Chan Davis (1926-2022) was a fascinating figure. He was a communist activist, fanzine editor, mathematician, and political prisoner. He was fired from the University of Michigan in 1954 and imprisoned for six months in 1960 on charges of contempt of Congress leveled by HUAC. The Hugo Book Club recently posted a fantastic interview, from which I derived the bibliographic blurb above, with Steve Batterson, the author of The Prosecution of Professor Chandler Davis: McCarthyism, Communism, and the Myth of Academic Freedom (2023) that I plan on purchasing soon.

Today I have selected three of Chan Davis’ thirteen published SF short stories. The connecting theme? 1940s speculations on nuclear war in the immediate post-Hiroshima world. All three appeared in Astounding Science Fiction under the tutelage of John W. Campbell, Jr.


3/5 (Average)

“The Nightmare” first appeared in Astounding Science Fiction, ed. John W. Campbell, Jr. (May 1946). You can read it online here.

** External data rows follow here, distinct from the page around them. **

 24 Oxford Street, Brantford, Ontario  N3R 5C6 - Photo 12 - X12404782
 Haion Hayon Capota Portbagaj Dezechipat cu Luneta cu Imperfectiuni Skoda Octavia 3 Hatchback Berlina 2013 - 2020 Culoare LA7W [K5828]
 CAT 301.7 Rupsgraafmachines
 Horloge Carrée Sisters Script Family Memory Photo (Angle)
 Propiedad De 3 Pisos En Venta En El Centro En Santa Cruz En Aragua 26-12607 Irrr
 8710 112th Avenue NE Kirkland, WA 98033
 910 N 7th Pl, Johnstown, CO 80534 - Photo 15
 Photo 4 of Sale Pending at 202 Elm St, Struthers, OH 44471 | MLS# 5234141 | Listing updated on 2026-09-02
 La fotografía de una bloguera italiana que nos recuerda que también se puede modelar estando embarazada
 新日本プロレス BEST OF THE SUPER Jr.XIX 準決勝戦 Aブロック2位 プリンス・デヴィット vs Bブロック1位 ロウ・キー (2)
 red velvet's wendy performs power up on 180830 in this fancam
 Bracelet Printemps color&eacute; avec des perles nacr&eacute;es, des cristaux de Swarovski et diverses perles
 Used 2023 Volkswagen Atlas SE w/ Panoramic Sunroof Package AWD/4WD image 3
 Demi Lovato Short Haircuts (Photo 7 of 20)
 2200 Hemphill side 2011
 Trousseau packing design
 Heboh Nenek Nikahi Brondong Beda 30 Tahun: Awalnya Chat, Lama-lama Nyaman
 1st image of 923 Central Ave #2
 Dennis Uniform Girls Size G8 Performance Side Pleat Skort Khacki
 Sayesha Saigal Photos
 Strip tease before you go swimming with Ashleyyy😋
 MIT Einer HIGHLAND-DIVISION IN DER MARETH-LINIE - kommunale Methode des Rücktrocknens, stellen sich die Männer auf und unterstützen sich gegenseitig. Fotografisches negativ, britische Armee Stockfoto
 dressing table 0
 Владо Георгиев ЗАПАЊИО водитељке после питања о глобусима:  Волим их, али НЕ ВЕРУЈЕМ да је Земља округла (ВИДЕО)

A few months before the atomic bomb attack on Hiroshima (August 6th, 1945), a group of scientists at the University of Chicago published The Franck Report (June 11th, 1945). James Franck and his colleagues argued that “within ten years other countries may have nuclear bombs, each of which, weighing less than a ton, could destroy an urban area of more than ten square miles.” They point out the great disadvantage of the United States with its “agglomeration of population and industry in comparatively few metropolitan districts” in comparison to countries with a population and “industry […] scattered over large areas.” In the months after Hiroshima, Chan Davis published his first SF story “The Nightmare” with The Franck Report warning firmly in mind [1].